Con il 2003 si arriva a un altro salto di qualità: la nuova dirigenza del Consorzio propone un’innovazione nel metodo di calcolo che riapre i giochi: gli obiettivi di raccolta sembravano praticamente raggiunti, ma i conteggi più raffinati sulla quota di olio che si perde durante l’uso (evaporazione, assorbimento) e sull’evoluzione della tecnologia (le macchine moderne consumano molto meno olio) mostrano che in realtà resta in circolazione più olio di quanto si pensasse: c’è bisogno di un ulteriore sforzo di raccolta.
Uno sforzo capillare nella raccolta che premia, sempre più, la destinazione verso la rigenerazione che ormai intercetta più del 90% dell’olio recuperato, la combustione passa a una quota via via decrescente mentre un’attenzione particolare viene posta all’olio usato inquinato da sostanze nocive che deve essere termo distrutto.
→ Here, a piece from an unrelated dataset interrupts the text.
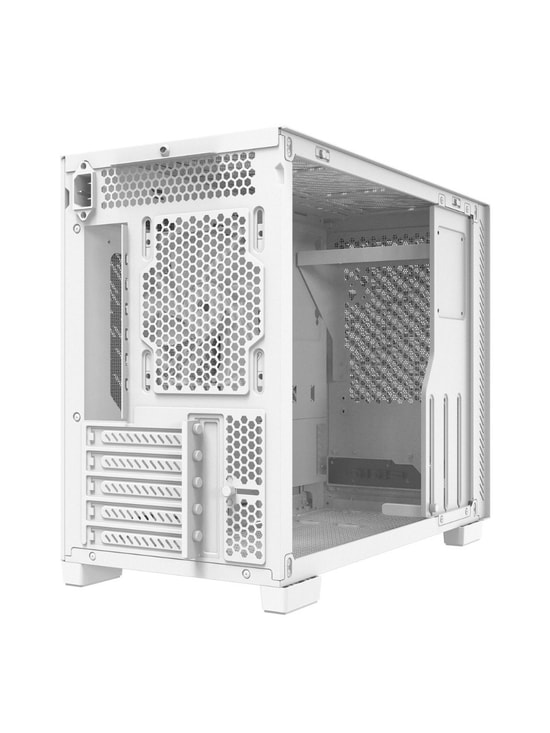 XPG Valor Air Nano VALORAIRNANOMAA-WHCWW Beyaz Micro-ATX Oyuncu Kasası - 1x ARGB Fan, USB 3.2, Toz Filtresi, Mesh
Un esempio di rispetto della gerarchia europea sulla destinazione dei rifiuti che colloca l’Italia al vertice delle buone pratiche del settore (la media Ue è circa il 50% di olio rigenerato).
L’effetto di queste politiche ha lasciato il segno non solo dal punto di vista della protezione ambientale, ma anche sul fronte economico (un quarto delle basi lubrificanti immesse al consumo in Italia viene dalla rigenerazione, con un evidente beneficio per la nostra bilancia dei pagamenti) e occupazionale. L’evoluzione della filiera è stata impressionante: al posto delle vecchie e precarie strutture si sono sviluppate 72 imprese moderne e ben strutturate, più del 90% dei raccoglitori ha un sistema di gestione ambientale Iso 14001 e i principali impianti di rigenerazione hanno una registrazione Emas.
Ora, con un mercato che tende ad aprirsi in una dimensione globale, la competizione per le materie prime seconde diventa sempre più serrata e l’Italia si trova di fronte a una nuova sfida anche in questo campo. Le perfomance di eccellenza raggiunte dal sistema di raccolta e rigenerazione dell’olio usato costituiscono la premessa che può aiutarci a vincere la scommessa sull’efficienza, sulla sicurezza e sulla produttività.